Zhang Qing Yi, Zhang Ying Zi, Shen Kai, Zhang Shu Yu, Cao Jian Ping
School of Radiation Medicine and Protection, School for Radiological and Interdisciplinary Science, Soochow University, Suzhou 215123, China.
The First Clinical Medical School, Soochow University, Suzhou 215123, China.
Yi Chuan. 2019 Jan 20;41(1):29-40. doi: 10.16288/j.yczz.18-112.
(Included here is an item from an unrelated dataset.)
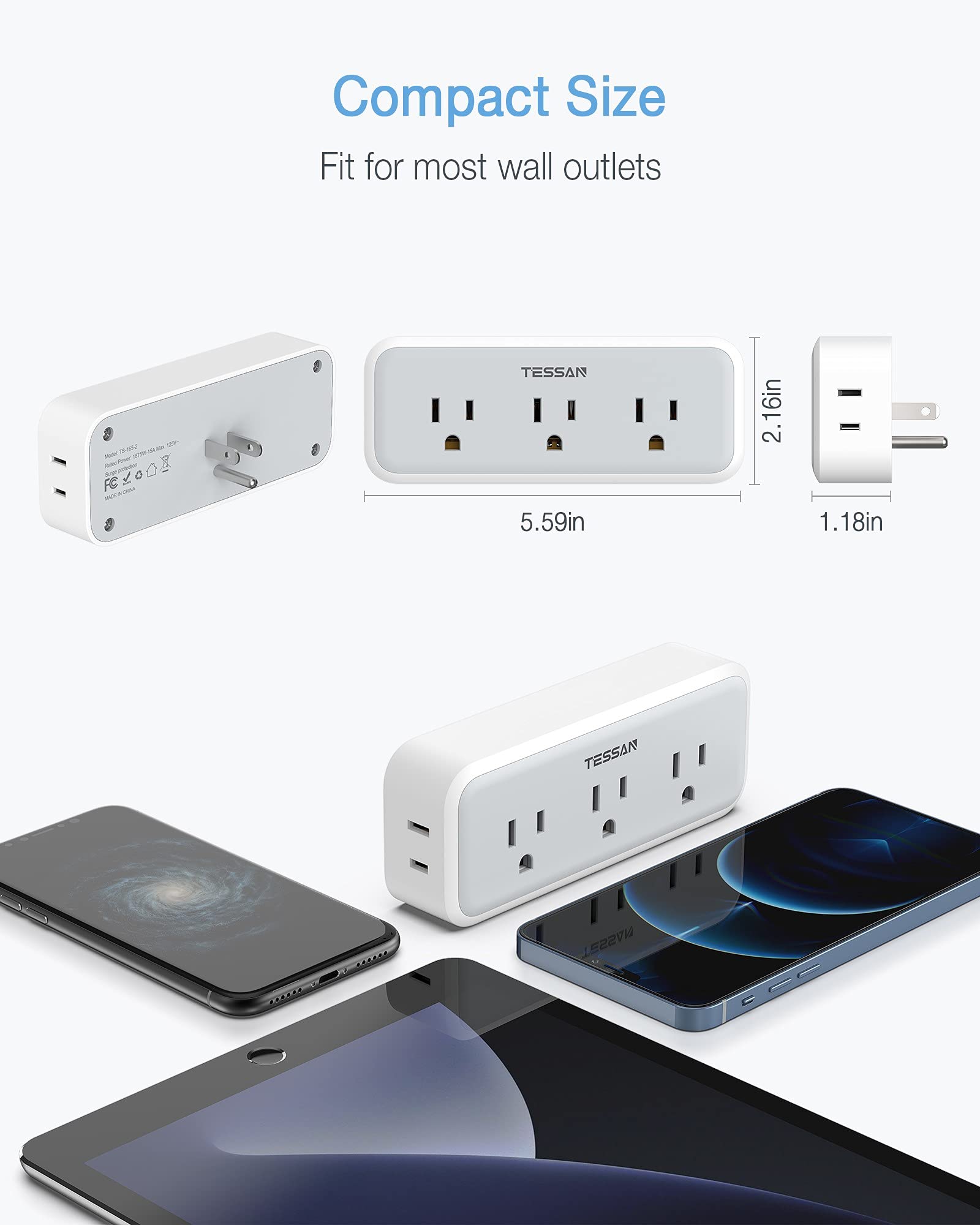 Multi Plug Outlet Extender, Tessan Surge Protector Wall Plug Splitter With 5 Electrical Outlet Expander, Multiple Plug Adapter F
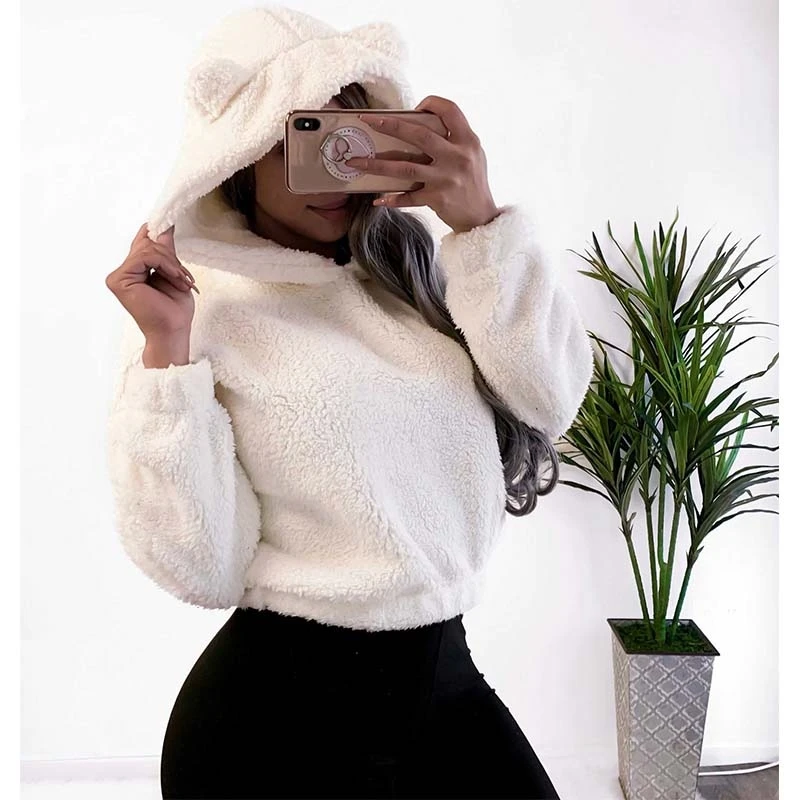

Cute Bear Ears Warm Plush Women Crop Hoodies Casual Long Sleeve Harajuku Autumn Winter Sweatshirt Hooded W603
Ubiquitylation is an essential type of protein post-translational modifications (PTMs) in eukaryotes, which mediates various biological processes by regulating the subcellular localization, activity, and stability of proteins. Histones, as the main protein ingredients of chromatin, are closely coupled with DNA activities such as replication, transcription and repair, and therefore are the hotspots of PTMs. After DNA damage, histone ubiquitylations are involved in DNA damage response (DDR) by regulating nucleosome structure, activating cell cycle checkpoints, remodeling the nucleosome, and the recruitment and assembly of repair factors. Meanwhile, histone ubiquitylations can also crosstalk with other types of PTMs to regulate DDR processes. In this review, we summarize how the site-specific histone ubiquitylation forms signal network and contributes to DDR, which may shed light on the further study of how histone codes formed by histone PTMs affect the entire DDR processes.
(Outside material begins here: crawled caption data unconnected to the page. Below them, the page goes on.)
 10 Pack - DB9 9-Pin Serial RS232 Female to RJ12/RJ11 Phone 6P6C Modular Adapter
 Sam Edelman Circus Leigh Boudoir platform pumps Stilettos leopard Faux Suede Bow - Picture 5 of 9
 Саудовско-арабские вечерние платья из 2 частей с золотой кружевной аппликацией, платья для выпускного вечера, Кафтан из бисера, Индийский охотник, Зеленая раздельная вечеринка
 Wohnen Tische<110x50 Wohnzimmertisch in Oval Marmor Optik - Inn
泛素化是真核生物中一种重要的蛋白质翻译后修饰(PTM)类型,它通过调节蛋白质的亚细胞定位、活性和稳定性来介导各种生物学过程。组蛋白作为染色质的主要蛋白质成分,与DNA的复制、转录和修复等活动密切相关,因此是PTM的热点。DNA损伤后,组蛋白泛素化通过调节核小体结构、激活细胞周期检查点、重塑核小体以及招募和组装修复因子参与DNA损伤反应(DDR)。同时,组蛋白泛素化还可以与其他类型的PTM相互作用,以调节DDR过程。在本综述中,我们总结了位点特异性组蛋白泛素化如何形成信号网络并促进DDR,这可能为进一步研究组蛋白PTM形成的组蛋白密码如何影响整个DDR过程提供线索。